# jeep light bar set up



## hillbillydeluxe (Mar 15, 2008)

i have a 04 wrangler with 7'6'' sno-way. i have a offroad light bar with the four light tabs above the windshield.... this winter i would like to add a amber light bar, ive seen a couple jeeps on here have light bars mounted on top of these instead of offroad lights... how do you mount these? which size light bar did you use? any advice or information would be a great help. Sorry for the long post. 

thanks, Jim


----------



## 18lmslcsr (Jan 20, 2007)

Head out too the store and buy some of those premade strip l.e.d. , like the kind they use on semi's or rear of caddi's....Screw or adhesive the srtrip to the bar and purchase an l.e.d logic circut on e-bay or cl. It's really simple to do this and will give you a ton of light. By the way the lights will need to be caution yellow/orange....

C.


----------



## 18lmslcsr (Jan 20, 2007)

May be $50-75total to fab.
C.


----------



## '76cj5 (Dec 12, 2003)

I made my own but I think you can run the right size flat stock between two of the light mounts and bolt it down then mount the light to that.


----------



## BRENTMAN (Oct 13, 2008)

hillbillydeluxe;574999 said:


> i have a 04 wrangler with 7'6'' sno-way. i have a offroad light bar with the four light tabs above the windshield.... this winter i would like to add a amber light bar, ive seen a couple jeeps on here have light bars mounted on top of these instead of offroad lights... how do you mount these? which size light bar did you use? any advice or information would be a great help. Sorry for the long post.
> 
> thanks, Jim


hows that 7'6 working out for your wrangler? I still cant decide between then 6'8'' and the 7'6''


----------



## tjthorson (Jul 23, 2006)

BRENTMAN;662458 said:


> hows that 7'6 working out for your wrangler? I still cant decide between then 6'8'' and the 7'6''


I run a 7'6" Snoway MT - and love it.

I bought a Sho-me 1200LED in Amber from http://www.swps.com

It comes with some mounting straps that go from front to back (as the light sits on the vehicle.). I bolted a piece of aluminum barstock between to two center holes on the jeeps windshield bar and bolted that to the mounting straps on the light. It has been off road - lots of highway travel - been on two jeeps - and hasnt moved.

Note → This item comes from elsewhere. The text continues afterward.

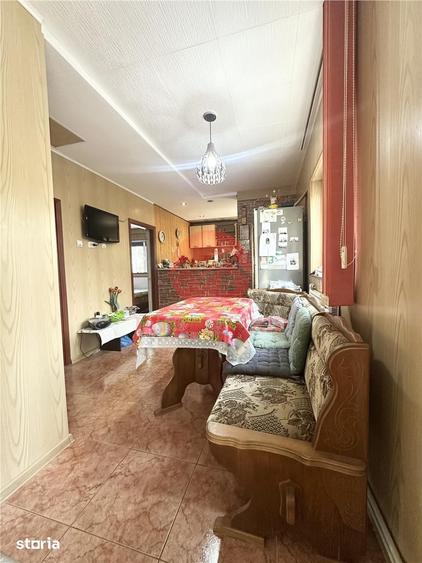 Casă cu 3 camere cu Teren 215 Mp în Lumina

Plow on the old jeep. Before the light bar.....









Light bar on the new jeep - no good snow pics yet with the plow!


----------



## BRENTMAN (Oct 13, 2008)

damn i love it, looks like what mine would look like with a 7'6''........my jeeps an 06, how did it handle with the 7'6 as opposed to the 6'8? Guy at the dealer told me the 6'8 would be better for my jeep cause its lighter and smaller which suits my small jeep, but everyone on here says go with the 7'6.....i cant decide. 
what tires did you have on that black one?


----------



## tjthorson (Jul 23, 2006)

BRENTMAN;663405 said:


> damn i love it, looks like what mine would look like with a 7'6''........my jeeps an 06, how did it handle with the 7'6 as opposed to the 6'8? Guy at the dealer told me the 6'8 would be better for my jeep cause its lighter and smaller which suits my small jeep, but everyone on here says go with the 7'6.....i cant decide.
> what tires did you have on that black one?

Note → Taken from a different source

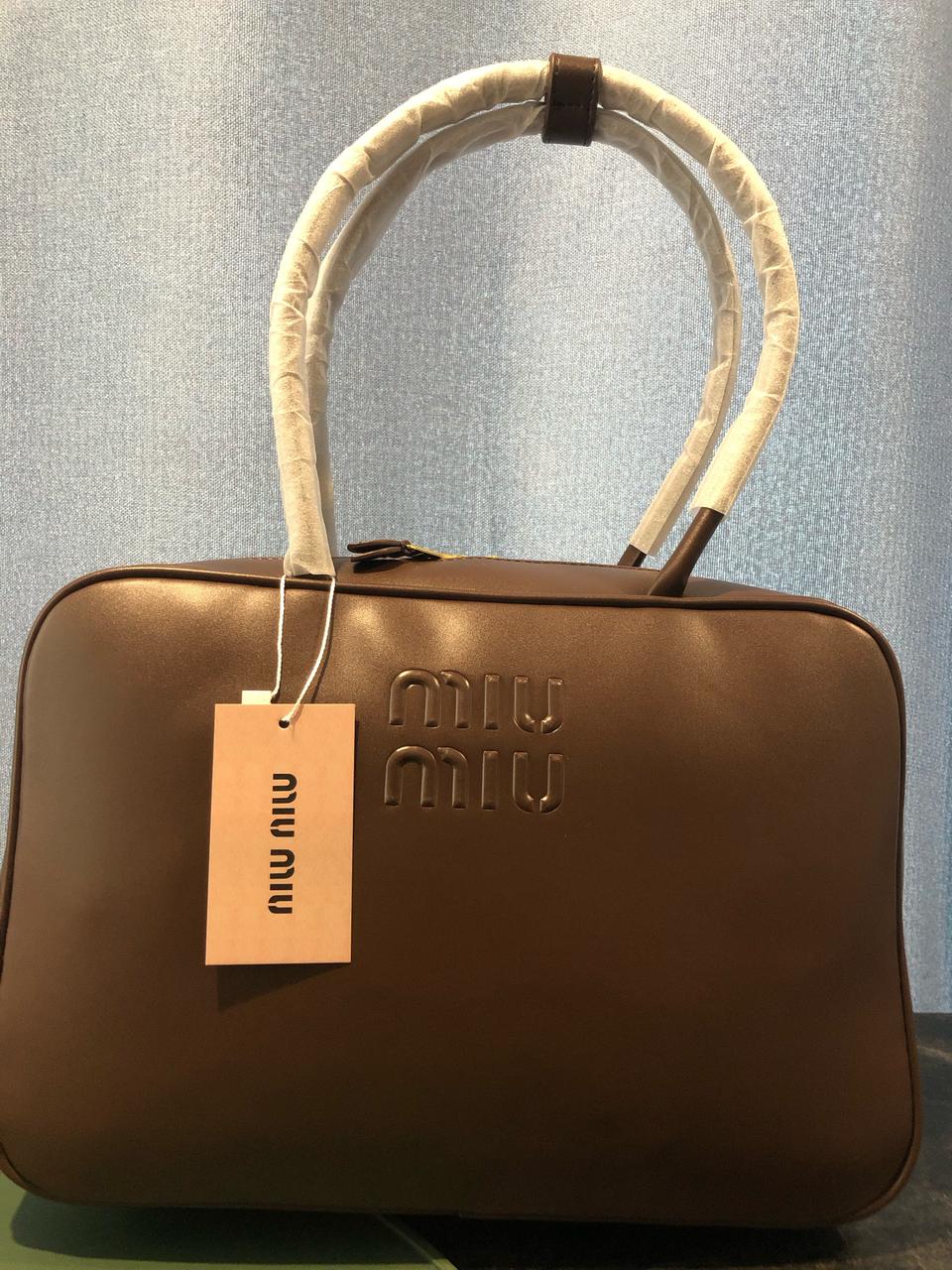 miumiu 가죽 보백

I actually did the 7'6" because they had one on the floor at the end of the season and I couldnt pass up the deal. Do the 7'6" - you cant go wrong.

The Green Willys jeep (looks black) - had 32x11.50 Kumho MT KL-71s. Great tires - they do get louder as they wear.

i have to say - I have been VERY impressed with the BFG ATs on the new Jeep - a lot better then I thought they were going to be.


----------



## BRENTMAN (Oct 13, 2008)

you dont think the 7'6" is a tad too much for my little wrangler? i mean how much time does it really save over the 6'8"....or am i missing something here...i know at the angle the blades are smaller but i just dont see why 7'6 is so much better than 6'8....6'8 sounds like it would be less stressful on the jeep?
i'll probably do the blizzaks, but i do like how those Kumho's look....i'll check em out if i can remember all those numbers. Whatever happen to lehmanns terms man. Damn auto industry with their specific BS. should be Kumho tires, and just a number....Kuhmo: #743's....so much easier than 23.454x438x394938x934.4 MT 5, QRSTUV's #2.34 
sorry. i keep ranting today, im just in a sh*t mood. i need a nap


----------



## hillbillydeluxe (Mar 15, 2008)

Brentman, 
Heres a link to some info on the 7' 6" -vs- the 6' 8".

http://www.plowsite.com/showthread.php?t=61710

I was all for the 6' 8" till I got others views. Mind you, hearing from someone who only has ever had a specific size doesn't give you the same view as someone who has had both.

After a lot of research, we went with the 7' 6". After plowing with it, I'm sooooooo glad we didn't go with the 6' 8". No worrying about going around a curve with the narrow blade angled. The only issue we have had is when we have a really narrow drive to do, like 8' or less, gotta be a bit more careful. When doing small parking lots or double wide drives the 7' 6" is the way to go. 
If I had to do it all over again, I'd still do the 7' 6" in a heartbeat. We go into spaces my brother wouldn't dare with his 250. He shakes his head in awe as he watches us, we can squirrel around in a parking lot like were driving a bumper car at the amusement park. 
If all your doing are the narrow single car 8' or less drives, then the 6' 8" might be better for you.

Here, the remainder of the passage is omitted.